Identification of end point
Since the colour between yellow and pale orange, as well as pale orange and red is so close, it might be a bit difficult to distinguish the right timing in which the end point has reached. Practising more may help to identify the colour sharply, but adding one or two drops of indicator solution may also help to recognize the colour change better.
Difference between end point and equivalence point
The difference between the end point and the equivalence point is the titration error, which is kept as small as possible by the proper choice of an end point signal and a method for detecting it. Methyl orange is used to determine the end point in this experiment, and though attempts have been made to minimize the difference, there is still a small error in it.
Few colourless bubbles are evolved during the titration process. The colour of the solution changed from yellow to pale orange at an instance. There is also a positive heat change during so.
The concept of neutralization is widely used and practiced in daily lives. It helped to neutralize the acidity of soil, due to acid rain and usage of acidic fertilizers, by adding limestone (calcium carbonate). Intake of Milk of Magnesia to alleviate the pain in stomach is also another common use. In addition to this, neutralization also helped to treat industrial waste before disposal and to produce fertilizer.

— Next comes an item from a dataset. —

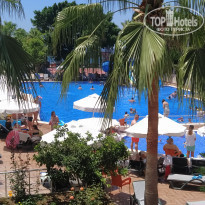 фото из отзыва ID 2193160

Hydrochloric acid is present in the stomach which acts as a sterilizer. It kills the germs which entered our body with the food bolus through the esophagus. However, concentrated hydrochloric acid is highly corrosive and must be handle in great care.
Commonly known that sodium chloride is table salt which act as food flavouring, it is an essential part of the diet of both humans and animals and is a part of most animal fluids. It aids digestion by providing chlorine for hydrochloric acid, a small but essential part of human digestive fluid. It is also used in other fields such as being chlorine bleach and food preservatives. A solution of sodium chloride and sodium hypochlorite is mixed to form bleaching solution which could whiten objects permanently by oxidation.
However, the major use of sodium chloride is as a raw material for the production of chlorine, sodium metal, and sodium hydroxide. Historically, salt has been used as money.
Besides, Chinese had already been using the method of salting to preserve food in the old days when refrigerator is not yet invented. The highly concentrated sodium chloride solution draw out all the water of microbes adhered to the food, and so the microbes become dehydrated and die in the end.